Alexus tossed her head back and laughed. “Papi, you cannot be serious. Aunt Jenny was involved with the world’s most dangerous terrorist group, for Christ’s sake.”

“And what’s that supposed to mean?” Santiago snapped; jumping to his mother’s defense. He was also short and chubby, though nowhere near as heavy as Flako and his children.

“You know exactly what it means,” Alexus shot back. “She had those al Qaeda militants hijack that plane in Miami and crash it into my beach house, had the whole country on high alert. Then she was captured inside the compound of the world’s most wanted terrorist. That gives us good reason to be concerned about that uranium. She’s already tried to kill me and my mother several times; she set up Papi and Uncle Flako and had them sent to federal prison; and I’m pretty sure she had the waitress at that downtown restaurant poison my drink, the same drink that killed Granny Costilla. With that being said”—she rolled her white leather swivel chair closer to her white marble desk—“I believe we can all agree that she cannot be trusted.”

When no one spoke up, Papi lifted his razor-sharp, golden machete from beside his chair and laid it on the table next to his open briefcase. “Any of you familiar with the Yakuza?”
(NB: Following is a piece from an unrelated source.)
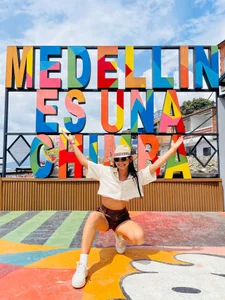 MeganCruzGB I love visiting different cities 🔥 Gambar 2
Pedro said, “Isn’t that, like, the Japanese mafia?”

“I guess you could say that,” said Papi. “The Yamaguchi-gumi branch of Yakuza is looking to purchase twenty-five hundred kilos of cocaine. They want it delivered to an airport in Kyoto, Japan. I’m charging them twenty grand a kilo. We also have shipment requests from other organizations in Iceland, the United Kingdom, France, Spain, and the Netherlands.”

Alexus was already shaking her head in disagreement. “They’re all NATO members. Granny Costilla didn’t do business with them for that very reason. We don’t need to become an international drug cartel.”

“I’ve already cleared it through the CIA Director Bowden, and the governments in all those countries can’t wait for the first shipment to arrive. Our monthly revenue will go up to eight or nine billion. We’ll be as rich as the Walton Family in no time.”

“Question,” Antoney said, raising his hand. “Why would those governments want illegal drugs in their countries? That doesn’t make any sense to me.”

The Mexican butler returned with two bottles of ice-cold water on a solid gold serving tray. Alexus grabbed one of the bottles, opened it, and gulped down half of it while Papi answered Antoney’s inquiry.

“You see,” Papi began, “the governments of First World countries are steadfast capitalists. They capitalize off just about every human in their countries. Now, since slavery is generally looked down on these days, the only way to pay men and women twenty cents an hour for strenuous labor is to imprison them and strip them of their rights. So they entice their prey with drugs, arrest them for dealing the drugs, then put them to work, paying their victims slave wages for producing products for billion-dollar companies. Strategic capitalism at its best.”